In fact, according to Harrison, the decision to move HDMI onto the basic model wasn’t really a surprise at all - it just happened faster than anyone expected. “Although we didn’t say it at E3, I think that the unspoken assumption was that we would always merge everything into HDMI eventually. We just made that decision earlier.”
That’s all very well but if you’re changing the spec of the machine just weeks away from launch, doesn’t that tend to imply that you haven’t actually started building the things yet? Which doesn’t bode well for stocks of the unit at launch (already projected to be thin on the ground, even despite the European delay into next March). According to Harrison, it’s not quite that simple.
“The criticial question,” he says, “is not ‘when do you start manufacturing’, but ‘when do you start assembly’. The HDMI port - whether it’s enabled or not on the machine is an assembly issue, not a manufacturing issue. The parts have been procured, clearly, in anticipation of this announcement. It’s not like we’re going to make a decision of that magnitude and then call up our suppliers and say, ‘oh, can we have a few more HDMI ports?’ Clearly this had been well planned.”
Well planned or not, it’s obvious that Sony has had some big problems with manufacturing. Looking past the question of the HDMI port to the bigger picture, it’s clear that with only 500,000 units available for launch and the European date pushed back four months, Sony has over-stretched itself. Isn’t that a bit, well, worrying?
Harrison nods. “There’s no denying that we’ve had some very public challenges,” he says. “Today, it looks like a very difficult situation - but in the weeks, months and years to come, this will pale into zero.”
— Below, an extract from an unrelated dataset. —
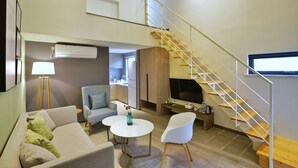 A modern living room with a sofa, two chairs, a coffee table, a TV, and a staircase.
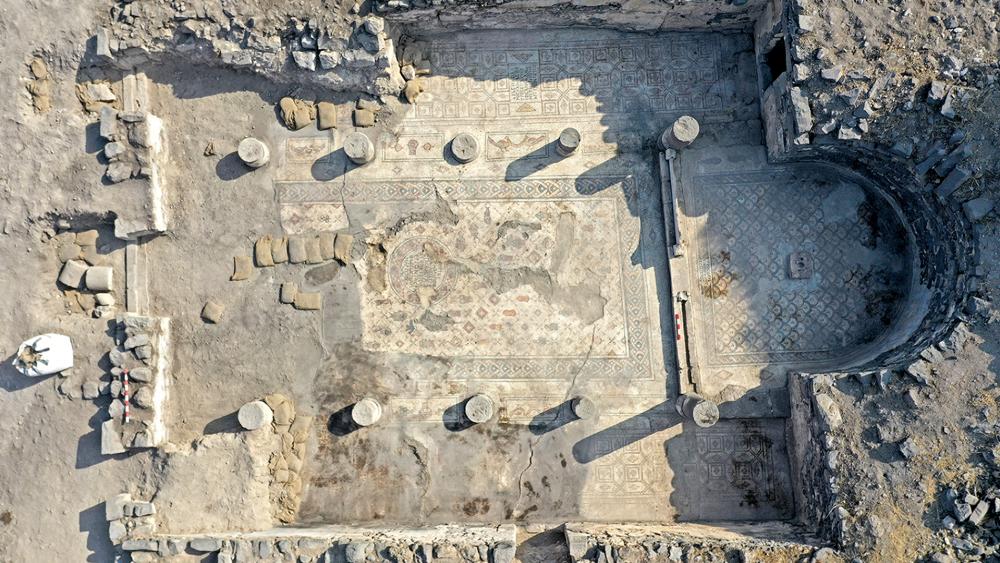 Archaeologists uncover mosaic showing five loaves and two fish near Sea ...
“Yes, we have overreached in production of the Blu-Ray component - I can’t deny that. But that’s the price you pay for adopting brand new, leading-edge technologies that will be future proof. We will resolve those issues - we are already catching up. We will continue to catch up on the production, and as you know, we haven’t changed our full-year forecast of six million units, so we’re only talking about a ramp-up issue. We’re not talking about the fundamental design of the product itself.”
Taking the long view, there’s a ring of truth about that. Few consoles have launched without a fairly hefty dose of problems in the first few months - although for the god-knows-how-many people who expected to have a PS3 in their hands this Christmas and now almost certainly won’t, that won’t be much comfort in the next few months.